The Sunborn Parva: The Wheel and the Warrior
The earth gnashed and groaned beneath him, like a mother refusing to let her child go to war again. He heaved once more, arms blazing with fire, but the soil clutched the wheel tighter — as if the battlefield itself wanted him to stay, to bow out, to stop being what he had always been: indomitable.
His charioteer stepped forward again, hesitant.
“Kar—”
Karna yelled, “NO!”
He didn’t even look at him.
There was no time to explain.
But his thoughts were clear, firm, echoing in the silence of
his own soul:
If I must fall… let me fall as a warrior of my own doing.
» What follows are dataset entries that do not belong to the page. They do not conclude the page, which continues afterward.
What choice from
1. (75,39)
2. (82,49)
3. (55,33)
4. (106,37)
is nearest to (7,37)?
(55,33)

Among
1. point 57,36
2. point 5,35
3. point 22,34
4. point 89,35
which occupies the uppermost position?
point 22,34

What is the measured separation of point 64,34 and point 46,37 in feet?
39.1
His hands, bleeding now, clutched the wheel with reverence —
not desperation. This was not panic. This was choice.
And then, like a wind from the other world, a whisper
stirred his soul — unbidden, yet clear.
"Even mountains fall, if God wishes it."
And there He was — Krishna.
Standing with Arjuna, his chariot motionless in the
distance, but the wind of destiny had already reached Karna’s face.
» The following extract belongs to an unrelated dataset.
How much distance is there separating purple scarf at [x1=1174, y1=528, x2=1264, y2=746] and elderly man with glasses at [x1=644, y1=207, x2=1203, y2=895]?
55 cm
He felt the force before he saw it — the pressure of time
narrowing. A bowstring drawn back not just by a warrior, but by fate itself.
A divine weapon humming in harmony with the universe's cruel balance.
Karna could feel the strain beneath his own feet. The soil
shook, but not from his own struggle — from Arjuna’s aim. From the
ripples of Krishna’s will.
He paused, breath slow, as if accepting that the battle was
no longer against a man. It was against divinity.
The wind ran through his long, beautiful hair. Each strand
danced like a memory.
And then the curses came.
In his mind’s eye — a montage of sorrow.
He remembered his guru Parashurama. The old master’s
fury. The truth laid bare like a wound.
While he was pulling the wheel — he no longer held the Vijaya
Dhanush.
The unbeatable bow.
He realized his mistake.
He whispered into the wind, “Perhaps now I have fulfilled
your curse, Guru. Perhaps now, at last… I’ve paid in full.”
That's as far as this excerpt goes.